The packages listed above and BSeries.jl all use different approaches and have different features. Thus, comparisons must be restricted to their common subset of features. Here, we present some simple performance comparisons. Again, we just use (the equivalent of) @time twice to get an idea of the performance after compilation, allowing us to compare orders of magnitude.

Python package BSeries

First, we start with the Python package BSeries and the following benchmark script.

import sys
from importlib.metadata import version
print("Python version", sys.version)
print("Package version", version('pybs'))

import time
import BSeries.bs as bs
import nodepy.runge_kutta_method as rk

midpoint_method = rk.loadRKM("Mid22")
up_to_order = 9


print("\nModified equation")

start_time = time.time()
series = bs.modified_equation(None, None,
                              midpoint_method.A, midpoint_method.b,
                              up_to_order, True)
result = sum(series.values())
end_time = time.time()
print(result)
print("", end_time - start_time, "seconds")

start_time = time.time()
series = bs.modified_equation(None, None,
                              midpoint_method.A, midpoint_method.b,
                              up_to_order, True)
result = sum(series.values())
end_time = time.time()
print(result)
print("", end_time - start_time, "seconds")


print("\nModifying integrator")

start_time = time.time()
series = bs.modifying_integrator(None, None,
                                 midpoint_method.A, midpoint_method.b,
                                 up_to_order, True)
result = sum(series.values())
end_time = time.time()
print(result)
print("", end_time - start_time, "seconds")

start_time = time.time()
series = bs.modifying_integrator(None, None,
                                 midpoint_method.A, midpoint_method.b,
                                 up_to_order, True)
result = sum(series.values())
end_time = time.time()
print(result)
print("", end_time - start_time, "seconds")

The results are as follows.

Python version 3.9.25 (main, Nov  3 2025, 15:16:36) 
[GCC 13.3.0]
Package version 0.3

Modified equation
19063/26880
 15.052567958831787 seconds
19063/26880
 15.334388017654419 seconds

Modifying integrator
5460293/241920
 13.897258520126343 seconds
5460293/241920
 13.864242315292358 seconds

Python package pybs

Next, we look at the Python package pybs and the following benchmark script.
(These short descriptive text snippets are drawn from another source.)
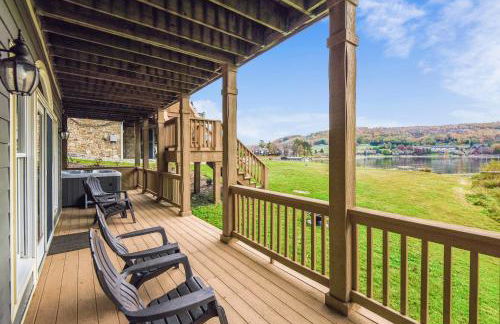 Lakefront Home Near Wisp with Great Location Dock Slip Hot Tub - Foto 33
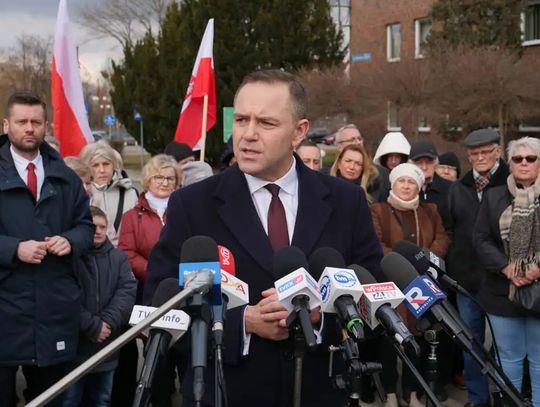 Niespodziewana zmiana! Karol Nawrocki na prowadzeniu w sondażu late poll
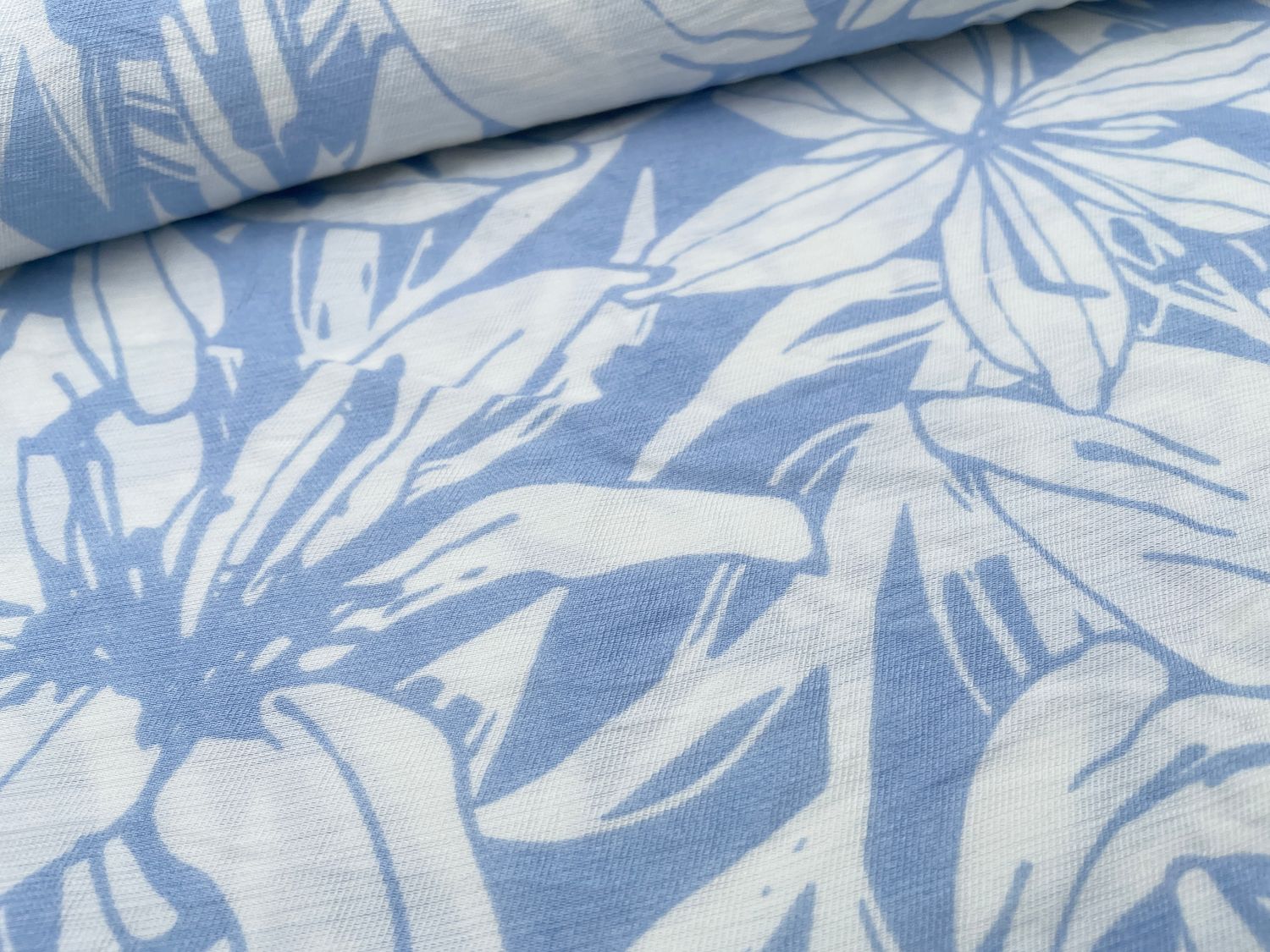 Viskose Twill "Große Blüten" Bleu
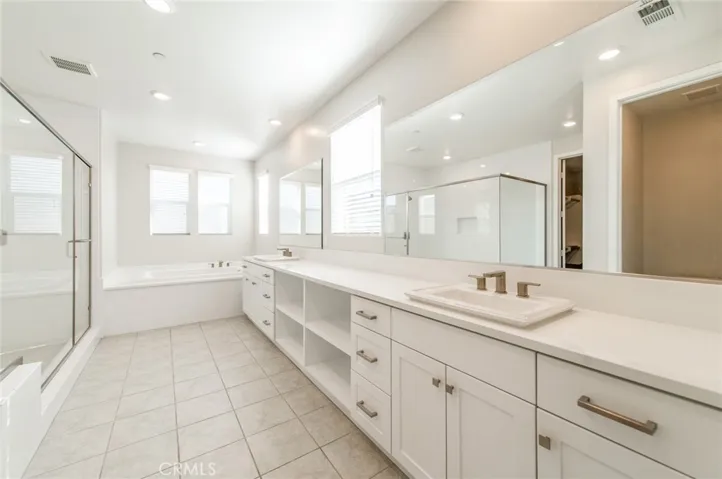 631 Cardona, Lake Forest, California 92630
Note that this package does not provide functionality for modifying integrators.

import sys
from importlib.metadata import version
print("Python version", sys.version)
print("Package version", version('pybs'))

import time
import pybs
from pybs.rungekutta import methods as rk_methods

midpoint_method = rk_methods.RKmidpoint
up_to_order = 9
number_of_terms = pybs.unordered_tree.number_of_trees_up_to_order(up_to_order+1)

from itertools import islice
def first_values(f, n):
  return (f(tree) for tree in islice(pybs.unordered_tree.tree_generator(), 0, n))


print("\nModified equation")

start_time = time.time()
midpoint_series = midpoint_method.phi()
series = pybs.series.modified_equation(midpoint_series)
result = sum(first_values(series, number_of_terms))
end_time = time.time()
print(result)
print("", end_time - start_time, "seconds")

start_time = time.time()
midpoint_series = midpoint_method.phi()
series = pybs.series.modified_equation(midpoint_series)
result = sum(first_values(series, number_of_terms))
end_time = time.time()
print(result)
print("", end_time - start_time, "seconds")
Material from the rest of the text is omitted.